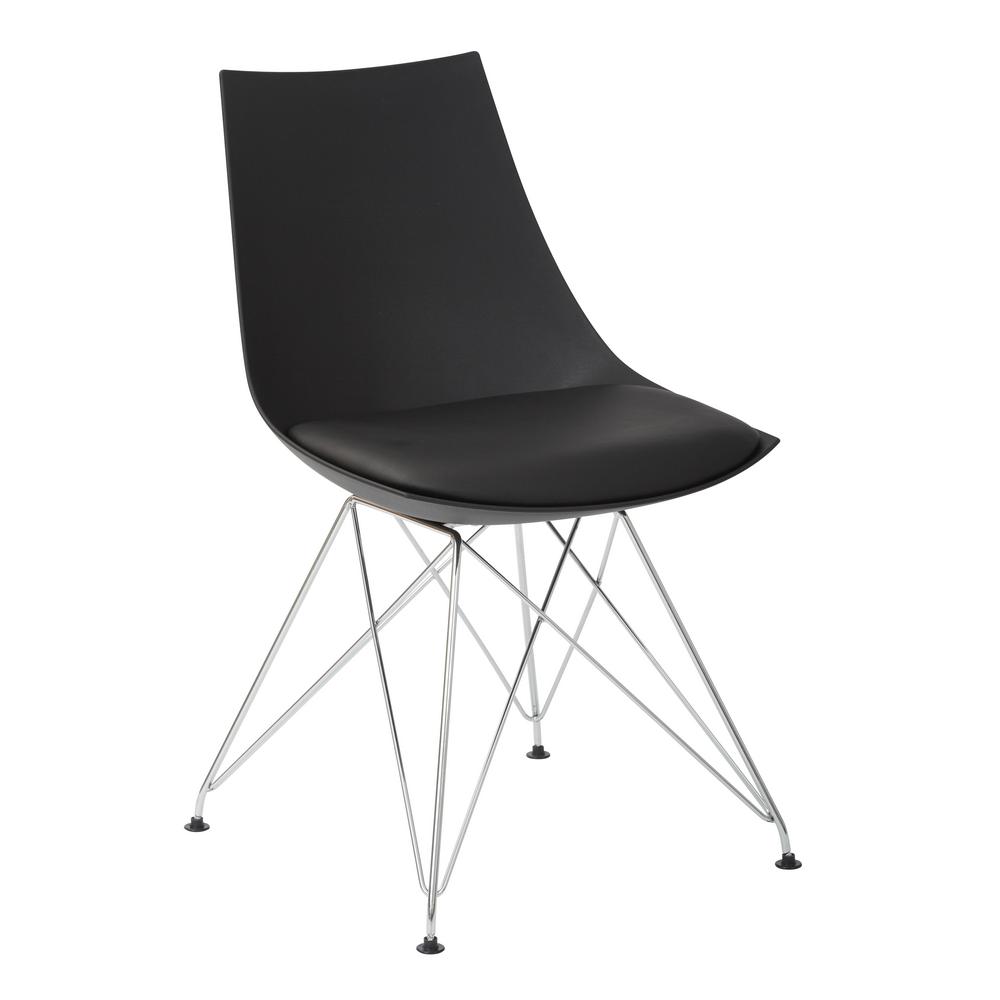 Ave Six Eiffel Bistro Chair Eflc2 3 The Home Depot Ave Six Eiffel Bistro Chair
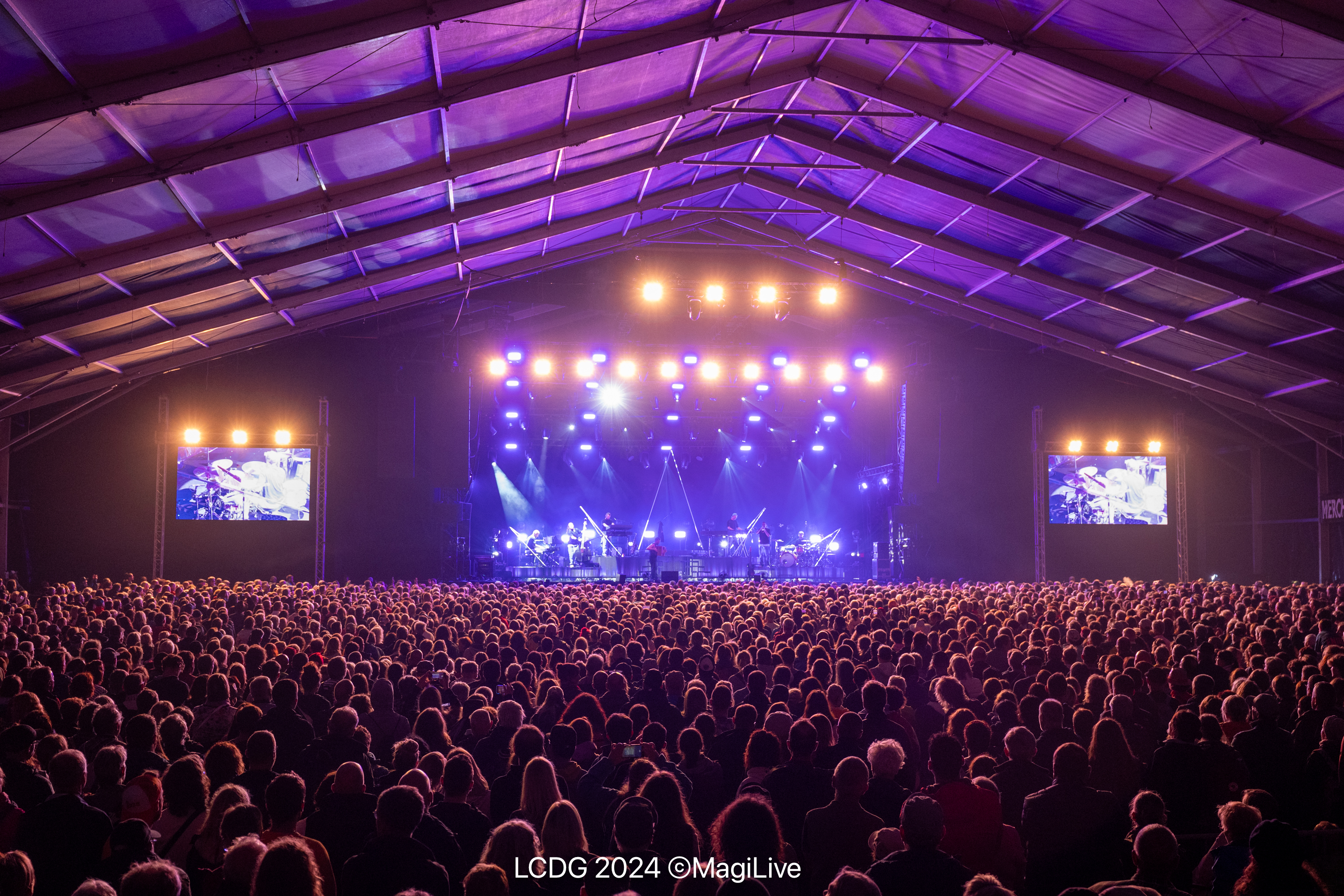 Le festival est complet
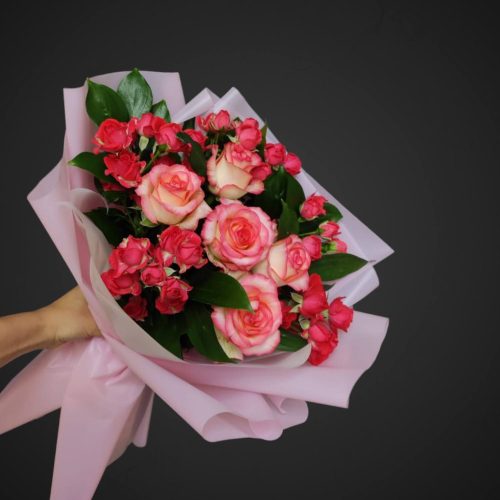 Букет «Вся в любви»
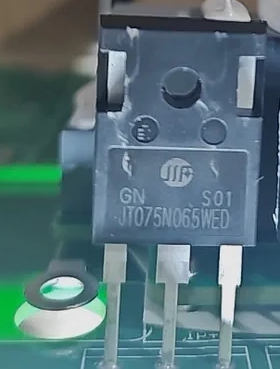 JT075N065WED 威马新能源充电易损场效应三极管拆机测试好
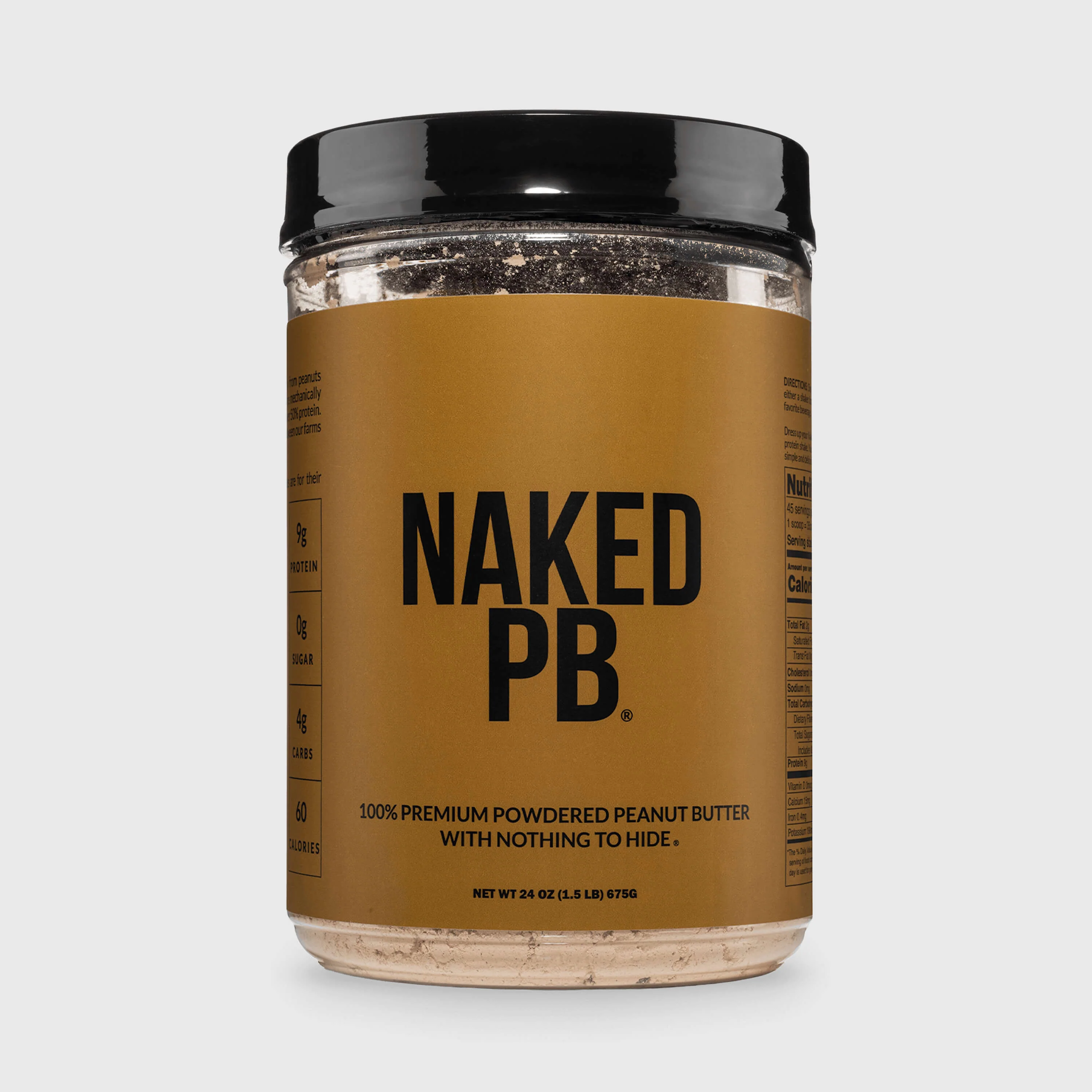 Powdered Peanut Butter | Naked PB - 1.5LB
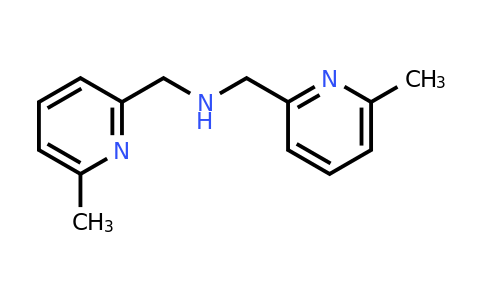 Bis[(6-methylpyridin-2-yl)methyl]amine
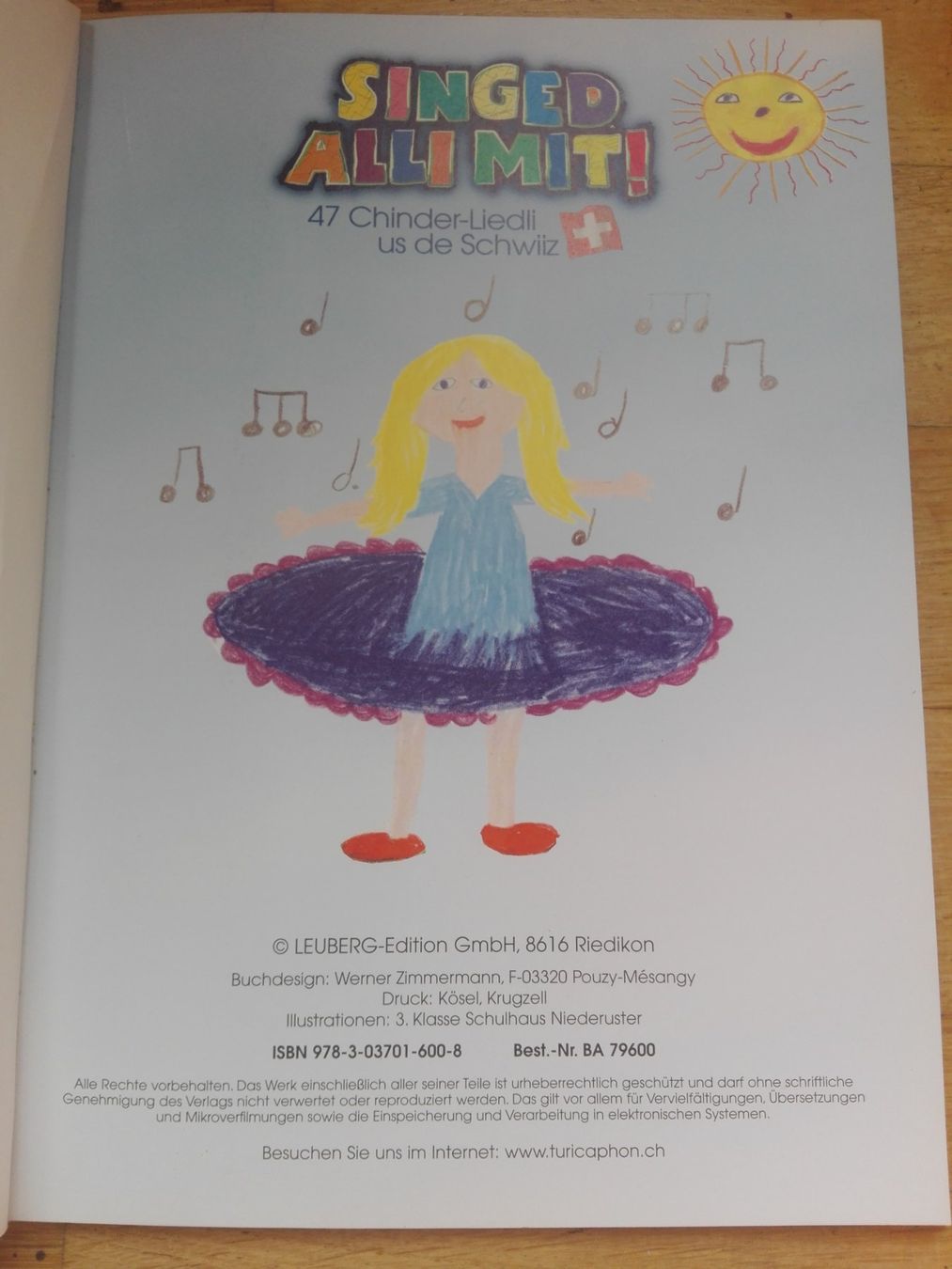 Libri: Singed alli mit! (47 Schweizer Kinderlieder - Buch) >ohne CD – Usato da St.Galllen venduto da elkaphone 2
- - -
• [Aim of the task]: Copy the records exactly. Skip the pictures.

• [Your response]:
 Ave Six Eiffel Bistro Chair Eflc2 3 The Home Depot Ave Six Eiffel Bistro Chair
 Le festival est complet
 Букет «Вся в любви»
 JT075N065WED 威马新能源充电易损场效应三极管拆机测试好
 Powdered Peanut Butter | Naked PB - 1.5LB
 Bis[(6-methylpyridin-2-yl)methyl]amine
 Libri: Singed alli mit! (47 Schweizer Kinderlieder - Buch) >ohne CD – Usato da St.Galllen venduto da elkaphone 2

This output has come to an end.